* **GIVEN INFORMATION**
——————

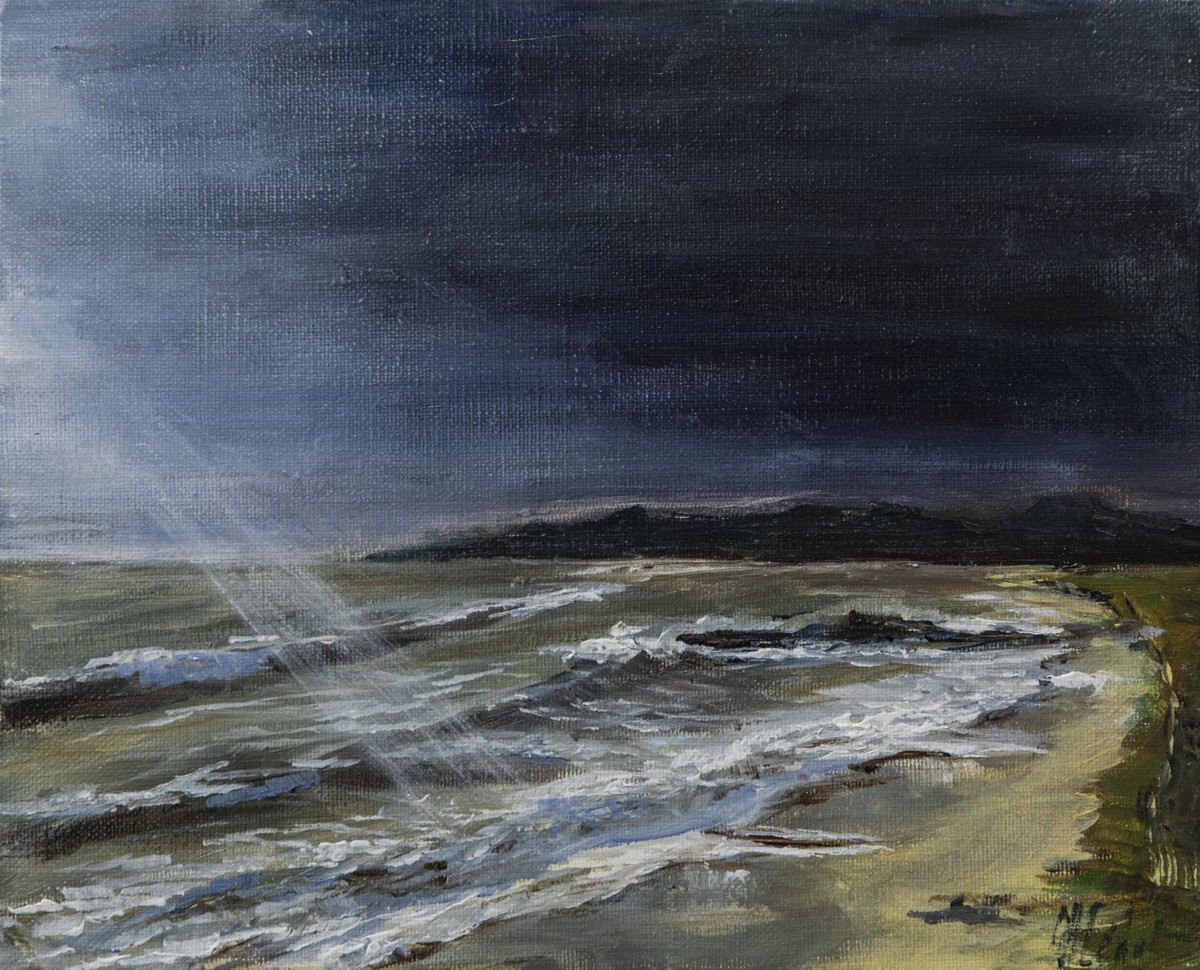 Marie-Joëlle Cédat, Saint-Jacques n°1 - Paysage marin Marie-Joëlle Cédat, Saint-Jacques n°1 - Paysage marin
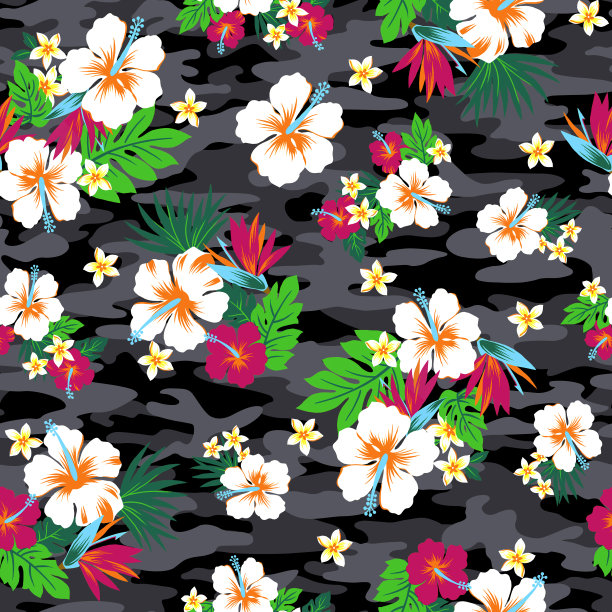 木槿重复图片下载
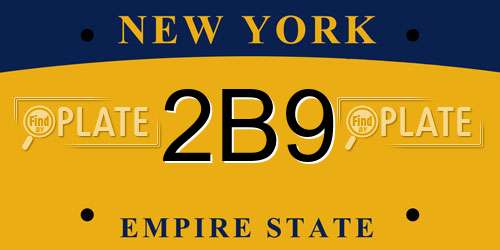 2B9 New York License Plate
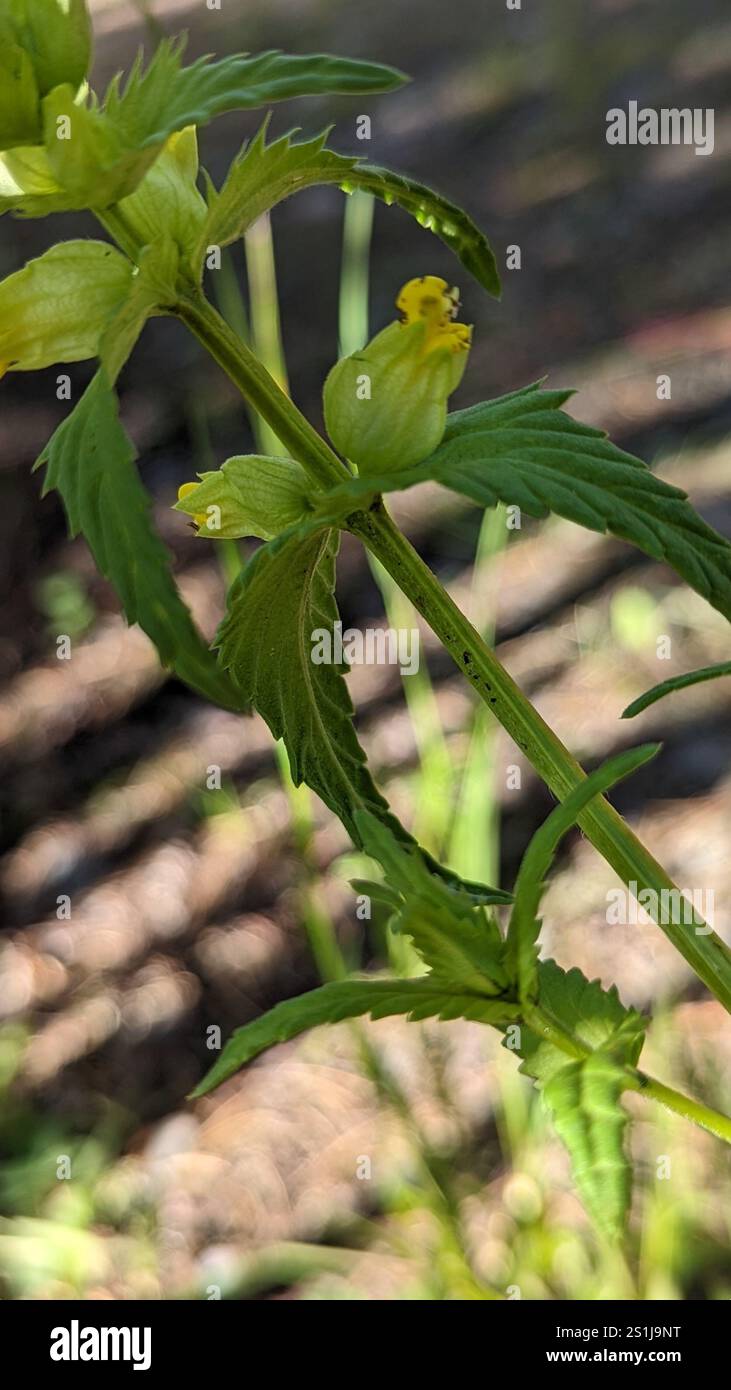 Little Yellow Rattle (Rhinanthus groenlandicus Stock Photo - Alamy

——————

* **TASK STATEMENT**
Skip every picture and transcribe the data above exactly.

* **ANSWER**
 Marie-Joëlle Cédat, Saint-Jacques n°1 - Paysage marin Marie-Joëlle Cédat, Saint-Jacques n°1 - Paysage marin
 木槿重复图片下载
 2B9 New York License Plate
 Little Yellow Rattle (Rhinanthus groenlandicus Stock Photo - Alamy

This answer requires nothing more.